Der Ministerpräsident ließ durch die Landeszentrale für
politische Bildung antworten, deren Dr. Hans Wupper-Tewes darauf
hinwies, es sei eine Unterstellung zu behaupten, „dass die
Wirtschaft bislang nichts unternommen habe, ihre Geschichte während
der NS-Zeit aufzuarbeiten“, denn „eine Reihe von Unternehmen
unterschiedlicher Größenordnung haben in den letzten 20 Jahren
selbst Studien zu Fragen, wie dem Umgang mit Zwangsarbeitern im
eigenen Unternehmen, in Auftrag gegeben.“ Dies ist unbestritten
richtig. Falsch sind aber die Warnungen der Landeszentrale vor einer
„Pauschalisierung der Fragestellung, wie sie Ihr Projekttitel nahe
legt“. Es gibt die betrieblichen Studien, von denen Wupper-Tewes
spricht, aber sie können nicht darüber hinwegtäuschen, dass „die
Wirtschaft“ eben nichts zustande gebracht hat, was etwa den
Bemühungen der Berufsgruppen von den Ärzten bis zu den Juristen
ähneln würde.
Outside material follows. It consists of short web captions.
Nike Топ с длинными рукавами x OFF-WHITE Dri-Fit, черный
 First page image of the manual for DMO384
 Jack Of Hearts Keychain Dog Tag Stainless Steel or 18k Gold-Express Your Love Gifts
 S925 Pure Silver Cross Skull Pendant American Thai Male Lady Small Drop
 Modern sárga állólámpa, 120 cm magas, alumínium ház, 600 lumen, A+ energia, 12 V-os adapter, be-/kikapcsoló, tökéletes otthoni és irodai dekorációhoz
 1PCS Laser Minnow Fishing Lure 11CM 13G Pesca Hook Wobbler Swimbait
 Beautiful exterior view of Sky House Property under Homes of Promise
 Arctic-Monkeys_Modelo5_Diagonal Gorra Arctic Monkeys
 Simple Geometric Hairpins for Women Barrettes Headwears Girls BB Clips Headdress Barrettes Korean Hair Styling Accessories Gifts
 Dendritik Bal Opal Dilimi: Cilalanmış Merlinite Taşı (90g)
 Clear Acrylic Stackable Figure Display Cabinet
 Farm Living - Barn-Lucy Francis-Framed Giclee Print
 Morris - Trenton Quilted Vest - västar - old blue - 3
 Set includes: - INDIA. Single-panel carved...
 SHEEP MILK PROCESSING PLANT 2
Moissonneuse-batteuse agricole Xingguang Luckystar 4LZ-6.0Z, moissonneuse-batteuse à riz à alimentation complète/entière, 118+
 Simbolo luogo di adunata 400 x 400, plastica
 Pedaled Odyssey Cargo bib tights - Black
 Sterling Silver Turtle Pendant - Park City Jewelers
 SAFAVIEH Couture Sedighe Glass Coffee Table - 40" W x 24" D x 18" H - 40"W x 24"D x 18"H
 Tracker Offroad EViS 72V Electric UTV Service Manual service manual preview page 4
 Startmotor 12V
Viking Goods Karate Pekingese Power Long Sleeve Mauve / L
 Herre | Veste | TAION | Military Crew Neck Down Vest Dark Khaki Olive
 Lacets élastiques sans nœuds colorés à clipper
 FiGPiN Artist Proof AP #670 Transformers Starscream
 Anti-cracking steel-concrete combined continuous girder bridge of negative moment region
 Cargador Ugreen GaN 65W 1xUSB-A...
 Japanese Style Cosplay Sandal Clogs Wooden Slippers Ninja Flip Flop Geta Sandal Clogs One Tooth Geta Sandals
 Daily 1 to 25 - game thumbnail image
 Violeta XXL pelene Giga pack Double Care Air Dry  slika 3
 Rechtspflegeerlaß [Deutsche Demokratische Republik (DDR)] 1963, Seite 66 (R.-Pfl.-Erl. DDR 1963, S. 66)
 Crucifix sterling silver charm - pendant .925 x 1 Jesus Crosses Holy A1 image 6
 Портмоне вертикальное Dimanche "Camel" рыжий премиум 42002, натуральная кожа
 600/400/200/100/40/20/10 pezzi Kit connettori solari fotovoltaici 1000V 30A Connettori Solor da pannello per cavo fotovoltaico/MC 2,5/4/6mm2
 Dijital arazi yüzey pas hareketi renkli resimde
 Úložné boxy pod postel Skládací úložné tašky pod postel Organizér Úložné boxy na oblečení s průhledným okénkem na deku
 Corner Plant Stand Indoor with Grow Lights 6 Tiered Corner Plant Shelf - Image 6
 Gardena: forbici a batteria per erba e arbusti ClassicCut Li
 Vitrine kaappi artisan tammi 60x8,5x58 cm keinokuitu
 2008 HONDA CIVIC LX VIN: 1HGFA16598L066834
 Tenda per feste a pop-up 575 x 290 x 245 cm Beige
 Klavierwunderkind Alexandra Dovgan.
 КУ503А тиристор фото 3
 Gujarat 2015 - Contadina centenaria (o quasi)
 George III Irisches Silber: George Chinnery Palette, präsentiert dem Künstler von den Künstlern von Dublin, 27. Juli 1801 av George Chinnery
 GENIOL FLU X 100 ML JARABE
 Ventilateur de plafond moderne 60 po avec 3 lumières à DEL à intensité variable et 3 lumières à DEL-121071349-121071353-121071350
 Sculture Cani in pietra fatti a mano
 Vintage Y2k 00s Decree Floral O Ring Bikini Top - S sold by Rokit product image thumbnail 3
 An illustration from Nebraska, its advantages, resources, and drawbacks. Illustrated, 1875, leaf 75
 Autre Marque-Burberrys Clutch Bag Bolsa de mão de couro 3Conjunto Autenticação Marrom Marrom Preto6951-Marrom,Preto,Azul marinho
Ganz abgesehen von der Geschichtsschreibung der
kleinen Leute aus den sechziger Jahren, da die VVN-BdA die
Geschichte des Widerstands, auch des Arbeiterwiderstandes für die
BRD schrieb und dann erst professionelle Historiker
einstiegen.
Nun liegt wieder eine Einzelstudie vor. Zunächst galt Friedrich
Flick (geb. 1883 Kreuztal-Ernsdorf, gest. 1972 Konstanz) neben Krupp
von Bohlen und Halbach als der ökonomische Kriegsverbrecher
schlechthin, quasi der das Verbrechen der Wirtschaft in seiner
Gesamtheit verkörpernde Unternehmer. So wurde er in Nürnberg vor
Gericht gestellt – und als solcher empfing er die Solidarität
seiner Klasse, die ganz froh war, dass er pars pro toto genommen
wurde. Seine Klassenbrüder, erleichtert nicht vor Gericht gestellt
zu werden, setzten sich dann auch für ihn ein, nannten ihn einen
unschuldig Verfolgten, und er stellte schon in der Haft seine
Kontakte wieder her, um nach seiner Karriere in der Weimarer
Republik und der Nazizeit nun einen dritten Aufstieg unter Adenauer
zu organisieren.
So fühlten sich denn auch seine Erben überhaupt nicht
zuständig, als im Jahr 2000 die wichtigsten Konzerne Geld einzahlen
mussten, um einen Zwangsarbeiterentschädigungsfonds zu speisen. Es
waren nur noch diese Enkel da, und die kauften vom Blutgeld
Gemäldesammlungen und besaßen ein gewaltiges Anlagevermögen. Die
Gemälde stellten sie großzügig als Dauerleihgaben zur Verfügung,
bis der Protest gegen eine solche, auch noch vom Bundeskanzler
Gerhard Schröder geförderte Haltung zu groß wurde. Da zahlten die
Enkel noch immer nichts ein in die Stiftung „Erinnerung
Verantwortung Zukunft“, aber sie gründeten eine eigene „F. C.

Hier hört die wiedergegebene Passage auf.